# Example 5.1 GBCA Benchmark

The Average Steric Occupancy (ASO) descriptor was originally developed in the Denmark lab to capture the dynamic nature of sterics in a molecule. This measures whether an indiviudal conformer is occupying a grid point or not and assigns it a value of 0 if unoccupied and a value of 1 if occupied. This then averages the amount a grid-point was occupied over the number of conformers calculated, giving a value between 0 and 1. More information can be found at [**DOI**:10.1126/science.aau5631](https://www.science.org/doi/10.1126/science.aau5631)

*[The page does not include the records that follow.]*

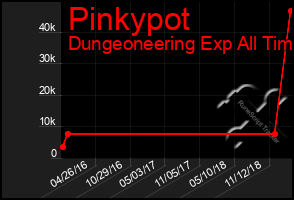 Total Graph of Pinkypot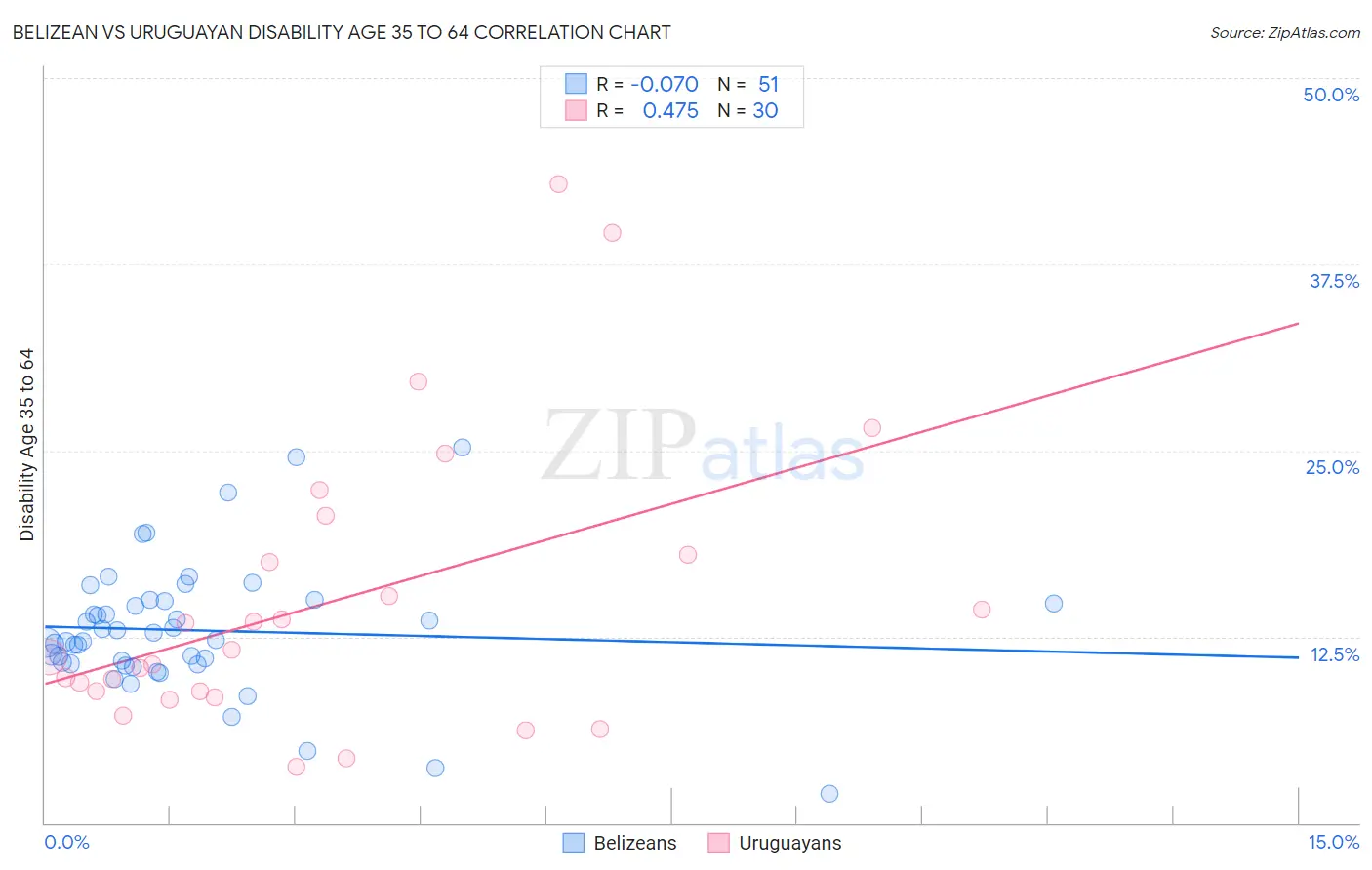 Belizean vs Uruguayan Disability Age 35 to 64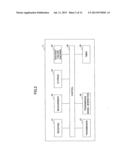 USER APPARATUS AND METHOD IN MOBILE COMMUNICATION SYSTEM diagram and image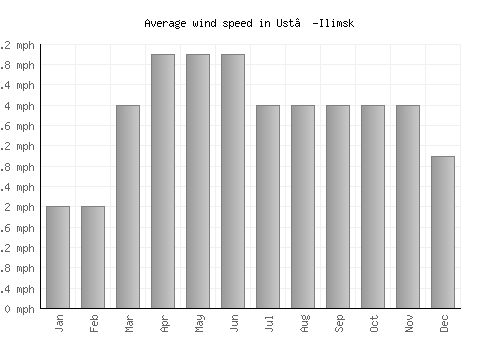 Ust’-Ilimsk average winspeed by month (mph)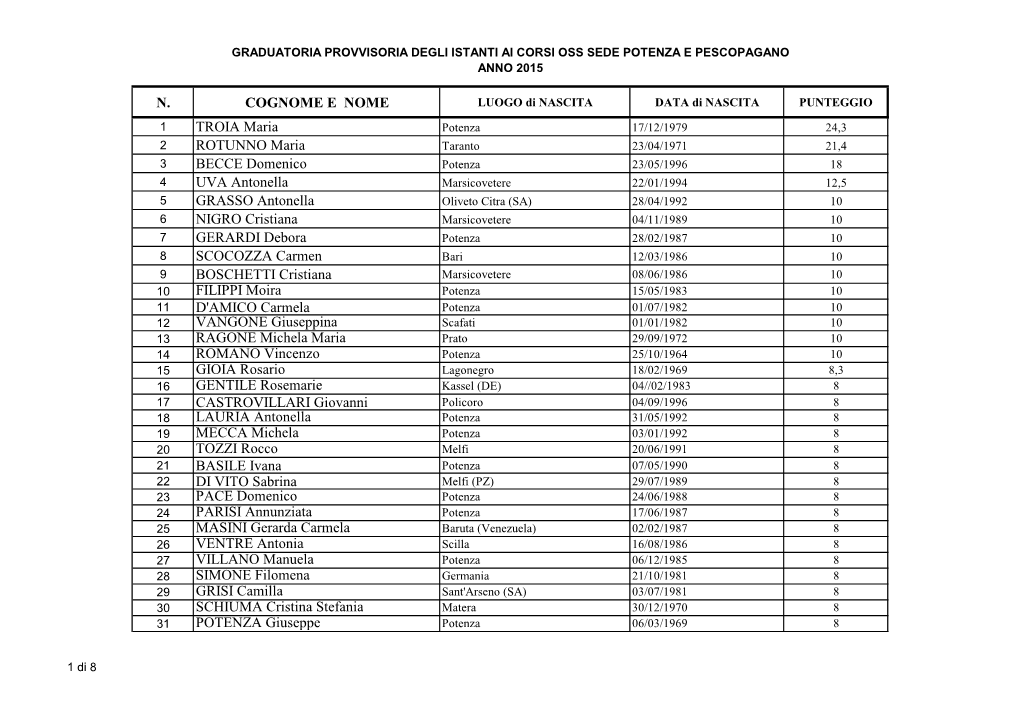 Graduatoria Provvisoria Corso OSS 2014 2015 Aa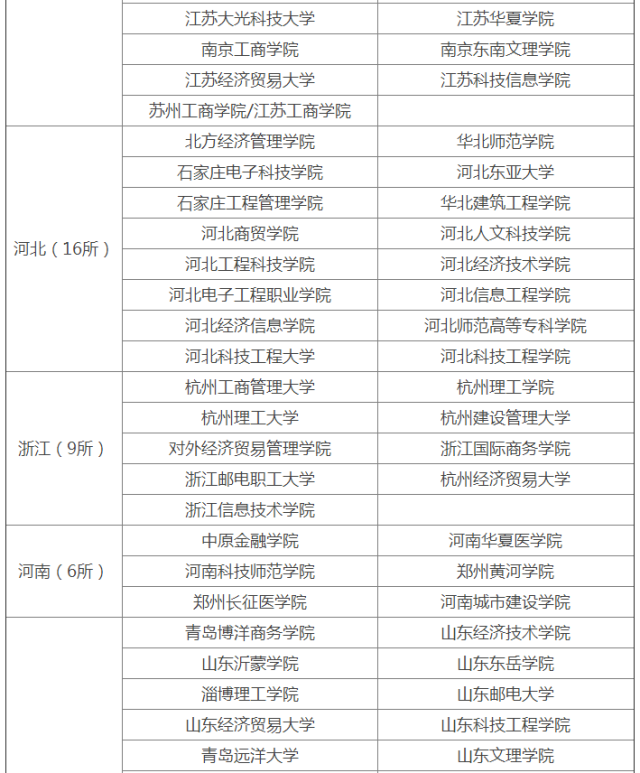 中国的"野鸡大学"原来这么多,快看看有哪些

We have significantly accelerated this descriptor calculation such that it can operate on massive `ConformerLibraries`. This has also been made availble to parallelize for further acceleration. An example of an ASO calculation run through the command line is shown below

## Hardware Specification for Rerun

Desktop workstation with 2x (AMD EPYC 7702 64-Core) with total of 128 physical and 256 logical cores, 1024 GB DDR4 with Ubuntu 22.04 LTS operating system.

In [1]:
import molli as ml
import numpy as np
import h5py
import timeit
import molli_xt
from scipy.spatial.distance import cdist


# function definitions for benchmarking comparison
def aso_naive(ens: ml.ConformerEnsemble, grid: np.ndarray):
    from math import dist

    aso = np.zeros(grid.shape[0])
    for i, gp in enumerate(grid):
        N = 0
        for conformer in ens:
            if any(
                dist(conformer.coords[j], gp) <= a.vdw_radius
                for j, a in enumerate(ens.atoms)
            ):
                N += 1

        aso[i] = N / ens.n_conformers

    return aso


def aso_numpy(ens: ml.ConformerEnsemble, grid: np.ndarray):
    aso_full = np.empty((ens.n_conformers, grid.shape[0]))

    # Iterate over conformers in the ensemble
    # Complexity (O(n_confs * n_gpts))
    for i, c in enumerate(ens):
        # Iterate over atoms
        for j, a in enumerate(c.atoms):
            where = np.sum((grid - c.coords[j]) ** 2, axis=-1) <= a.vdw_radius**2
            aso_full[i, where] = 1

    return np.average(
        aso_full,
        axis=0,
    )


def aso_scipy_cdist(ens: ml.ConformerEnsemble, grid: np.ndarray):
    aso_full = np.empty((ens.n_conformers, grid.shape[0]))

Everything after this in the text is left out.